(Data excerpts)
● ● ● ● ● ● ●
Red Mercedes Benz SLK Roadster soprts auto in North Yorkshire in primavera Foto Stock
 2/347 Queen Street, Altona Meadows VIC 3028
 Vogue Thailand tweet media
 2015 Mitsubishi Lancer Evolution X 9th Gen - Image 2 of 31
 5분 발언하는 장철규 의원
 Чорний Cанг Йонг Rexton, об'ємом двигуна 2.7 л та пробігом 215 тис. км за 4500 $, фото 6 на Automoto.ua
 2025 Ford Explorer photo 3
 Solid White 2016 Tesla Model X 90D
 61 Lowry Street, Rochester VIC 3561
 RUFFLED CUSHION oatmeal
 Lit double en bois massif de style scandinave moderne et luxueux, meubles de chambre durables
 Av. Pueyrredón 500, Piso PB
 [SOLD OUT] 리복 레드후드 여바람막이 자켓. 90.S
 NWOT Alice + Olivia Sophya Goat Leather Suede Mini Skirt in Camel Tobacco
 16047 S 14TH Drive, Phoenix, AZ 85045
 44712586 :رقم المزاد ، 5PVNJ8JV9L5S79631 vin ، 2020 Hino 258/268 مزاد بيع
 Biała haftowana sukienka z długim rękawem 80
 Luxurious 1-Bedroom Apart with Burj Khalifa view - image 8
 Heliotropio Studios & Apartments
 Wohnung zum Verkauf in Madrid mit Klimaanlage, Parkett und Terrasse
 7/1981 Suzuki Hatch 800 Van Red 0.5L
● ● ● ● ● ● ●
● **TASK DETAILS**
Taking the line with "2015 Mitsubishi Lancer" as the first and the line with "RUFFLED CUSHION oatmeal" as the last, retype that stretch of the data above exactly, with no other lines.

● **OUTPUT FOR THIS TASK**
 2015 Mitsubishi Lancer Evolution X 9th Gen - Image 2 of 31
 5분 발언하는 장철규 의원
 Чорний Cанг Йонг Rexton, об'ємом двигуна 2.7 л та пробігом 215 тис. км за 4500 $, фото 6 на Automoto.ua
 2025 Ford Explorer photo 3
 Solid White 2016 Tesla Model X 90D
 61 Lowry Street, Rochester VIC 3561
 RUFFLED CUSHION oatmeal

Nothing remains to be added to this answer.